--- TASK GOAL ---
Return every record below exactly as given.

--- SUPPLIED MATERIAL ---

=== Section Start ===

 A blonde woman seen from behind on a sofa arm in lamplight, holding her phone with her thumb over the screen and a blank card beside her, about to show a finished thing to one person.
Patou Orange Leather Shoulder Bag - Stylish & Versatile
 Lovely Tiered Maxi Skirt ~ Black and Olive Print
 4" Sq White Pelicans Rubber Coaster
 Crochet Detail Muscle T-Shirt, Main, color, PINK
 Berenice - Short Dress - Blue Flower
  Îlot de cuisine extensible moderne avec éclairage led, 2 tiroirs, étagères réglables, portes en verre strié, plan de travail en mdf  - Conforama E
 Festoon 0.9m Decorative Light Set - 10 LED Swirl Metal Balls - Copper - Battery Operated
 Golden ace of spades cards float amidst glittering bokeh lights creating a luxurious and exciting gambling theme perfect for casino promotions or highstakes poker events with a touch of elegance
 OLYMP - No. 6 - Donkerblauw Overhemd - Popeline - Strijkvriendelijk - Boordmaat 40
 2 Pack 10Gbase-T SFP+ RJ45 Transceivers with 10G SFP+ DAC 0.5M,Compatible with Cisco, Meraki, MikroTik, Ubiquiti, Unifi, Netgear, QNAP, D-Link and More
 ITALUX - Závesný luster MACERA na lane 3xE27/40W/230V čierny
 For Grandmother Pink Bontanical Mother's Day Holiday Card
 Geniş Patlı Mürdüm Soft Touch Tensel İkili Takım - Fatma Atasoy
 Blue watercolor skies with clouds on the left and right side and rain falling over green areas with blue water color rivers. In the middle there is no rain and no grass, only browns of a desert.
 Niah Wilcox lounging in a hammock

=== Section End ===

--- ANSWER TO THE EXERCISE ---
 A blonde woman seen from behind on a sofa arm in lamplight, holding her phone with her thumb over the screen and a blank card beside her, about to show a finished thing to one person.
Patou Orange Leather Shoulder Bag - Stylish & Versatile
 Lovely Tiered Maxi Skirt ~ Black and Olive Print
 4" Sq White Pelicans Rubber Coaster
 Crochet Detail Muscle T-Shirt, Main, color, PINK
 Berenice - Short Dress - Blue Flower
  Îlot de cuisine extensible moderne avec éclairage led, 2 tiroirs, étagères réglables, portes en verre strié, plan de travail en mdf  - Conforama E
 Festoon 0.9m Decorative Light Set - 10 LED Swirl Metal Balls - Copper - Battery Operated
 Golden ace of spades cards float amidst glittering bokeh lights creating a luxurious and exciting gambling theme perfect for casino promotions or highstakes poker events with a touch of elegance
 OLYMP - No. 6 - Donkerblauw Overhemd - Popeline - Strijkvriendelijk - Boordmaat 40
 2 Pack 10Gbase-T SFP+ RJ45 Transceivers with 10G SFP+ DAC 0.5M,Compatible with Cisco, Meraki, MikroTik, Ubiquiti, Unifi, Netgear, QNAP, D-Link and More
 ITALUX - Závesný luster MACERA na lane 3xE27/40W/230V čierny
 For Grandmother Pink Bontanical Mother's Day Holiday Card
 Geniş Patlı Mürdüm Soft Touch Tensel İkili Takım - Fatma Atasoy
 Blue watercolor skies with clouds on the left and right side and rain falling over green areas with blue water color rivers. In the middle there is no rain and no grass, only browns of a desert.
 Niah Wilcox lounging in a hammock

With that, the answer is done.